JL What issues do you feel need to be addressed in the operation of an artist-run space today?
MSSR It is essential Brisbane artist’s pursue new models of realising projects. If Brisbane is to foster a strong creative community it must differentiate itself from other major centres. Tertiary education needs to be reconfigured with education tailored to a localised set of concerns. The concept that, what Brisbane artists are making, is related to, or even relevant to, international artistic movements that occurred in the last 100 years denounces the value of our immediate surroundings. Artists are responsible for their engagement with their own environment, and this, I believe could mark the difference between Brisbane and other Australian centres (who seem to perpetuate international styles and forms presented through accessible means of print and online arts journalism and the occasional half hour infotainment art world summary).
BC This comes back to the issue of support for young and emerging artists. To come to terms with this lack of support, these types of spaces need to engage with experimental and innovative artistic and curatorial practices and support young and emerging artists.

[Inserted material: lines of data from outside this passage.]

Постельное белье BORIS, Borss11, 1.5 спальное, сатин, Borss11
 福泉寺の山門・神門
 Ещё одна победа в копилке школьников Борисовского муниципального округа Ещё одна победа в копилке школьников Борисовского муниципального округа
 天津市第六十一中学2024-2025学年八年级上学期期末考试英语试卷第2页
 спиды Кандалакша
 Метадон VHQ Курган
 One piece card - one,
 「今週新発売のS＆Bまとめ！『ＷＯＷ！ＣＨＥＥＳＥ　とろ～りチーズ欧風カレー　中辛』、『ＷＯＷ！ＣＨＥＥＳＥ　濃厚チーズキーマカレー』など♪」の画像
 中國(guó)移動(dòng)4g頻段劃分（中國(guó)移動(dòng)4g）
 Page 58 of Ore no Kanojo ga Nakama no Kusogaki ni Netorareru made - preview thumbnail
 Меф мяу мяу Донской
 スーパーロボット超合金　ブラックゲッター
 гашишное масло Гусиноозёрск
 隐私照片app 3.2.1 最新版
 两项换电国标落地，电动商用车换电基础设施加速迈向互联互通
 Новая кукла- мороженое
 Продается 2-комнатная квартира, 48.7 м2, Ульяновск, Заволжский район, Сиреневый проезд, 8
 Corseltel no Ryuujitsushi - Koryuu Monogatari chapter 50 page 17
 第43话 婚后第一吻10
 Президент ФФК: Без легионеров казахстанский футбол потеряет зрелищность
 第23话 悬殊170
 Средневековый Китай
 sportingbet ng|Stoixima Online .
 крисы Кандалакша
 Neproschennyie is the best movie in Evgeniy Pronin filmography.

Also, away from the university environment it becomes increasingly important to maintain critical engagement with your own and others art practices. Thus delivering an exhibition program that encourages critical engagement and maintains a dialogue between peers, writers and curators is integral to the operation of an artist-run space.
NF* I think these initiatives grow quite organically out of partnerships or shared attitudes. These attitudes and relationships are specific and are inevitably reflected in the model and programming of each ARI. Given this, I think that although there are commonalities and rallying points (these are outlined in question one) that each initiative must address issues with a view to reflecting the specificity of its goals.
Specific to No Frills*:
No Frills* acknowledges the fluidity of emerging practices and seeks to challenge institutionalised methods of display by creating space for artists to explore the exhibition making process as a specific and necessary component of their work. No Frills* seeks to question the role of art and the artist in the contemporary environment through playful and rigourous creative practice.
No Frills* looks to advocate contemporary art-making and viewing through a program dedicated to high quality exhibition practice. In accord with this view, No Frills* organises and accepts proposals for solo and collaborative exhibitions with the intent of cultivating direct responses to site in a manner that demonstrates and extends the practice of each artist. In this model the artist is allowed a degree of ownership over the manifestation of their work in an exhibition context.